Turn the TV Back On
Based on personal experience, let us (unfortunately) assume that your garden variety performance artist eschews mastery of any particular creative activity for controlled hyperkinetics or obvious minimalism to loudly suggest, “Look at me!” If nothing else, 2007 proves that Genesis Breyer P-Orridge—having guided the legendary Throbbing Gristle down the comeback trail and now reintroducing Psychic TV as PTV3 on Hell is Invisible…Heaven is Her/e—bucks that sad trend.
Psychic TV’s first album of new material in 12 years packs a rather straightforward punch, but that’s more than enough of a diversion from the band’s ties to high weirdness. The music is so solid and at points rocks so hard there’s no need to devote too many column inches to its inspiration: a peaceful yet deviant worldview that led P-Orridge and recently deceased partner Lady Jaye Breyer to share surnames and even undergo cosmetic surgery in order to become one loving hermaphroditic “unit.”
PTV3 don’t ignore the unhinged electronic avant-garde that brought them to the dance.

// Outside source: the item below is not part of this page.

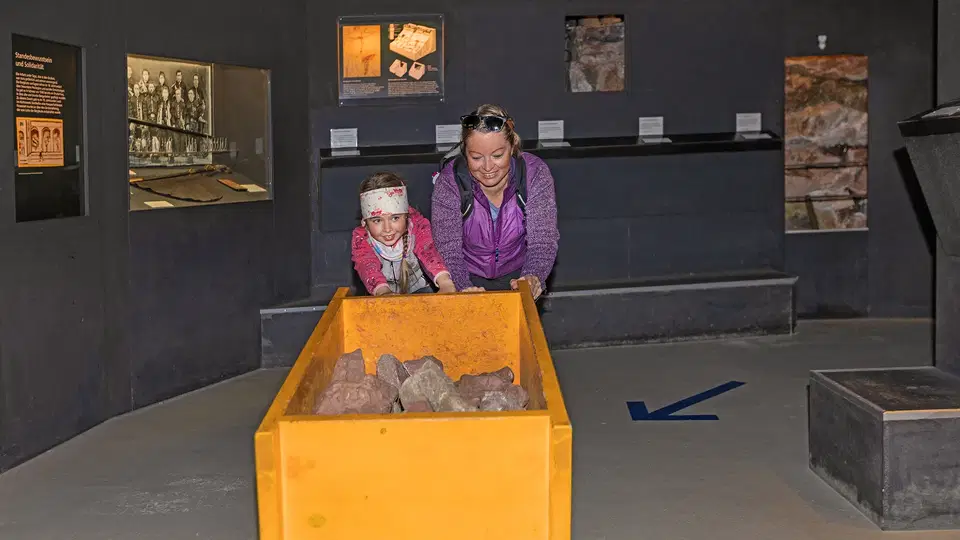 Erwachsene und Kind mit einem Grubenhunt in der Bergbau-Ausstellung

They invite Butthole Surfer Gibby Haynes to chant along on the swirling “I Don’t Think So” and the insistent “Maximum Swing.” Even “Milk Baba,” which closes the album, starts off with guitars and sitars but disintegrates into sine waves and maniacal cackling.
The sweetest surprises on Hell is Invisible…Heaven is Her/e come when PTV3 play connect-the-dots with music on the fringes of punk. P-Orridge’s growls and his/her keyboard-laden band mesh best on “Lies, And Then” (with help from Nick Zinner of Yeah Yeah Yeahs), “Higher & Higher” and the epic “Just Because.” Capable of invoking the hippie nihilism of The Doors and Jane’s Addiction, the artful menace of Iggy Pop and Television, and New Wave’s early death disco, when this incarnation of Psychic TV is good it’s really good.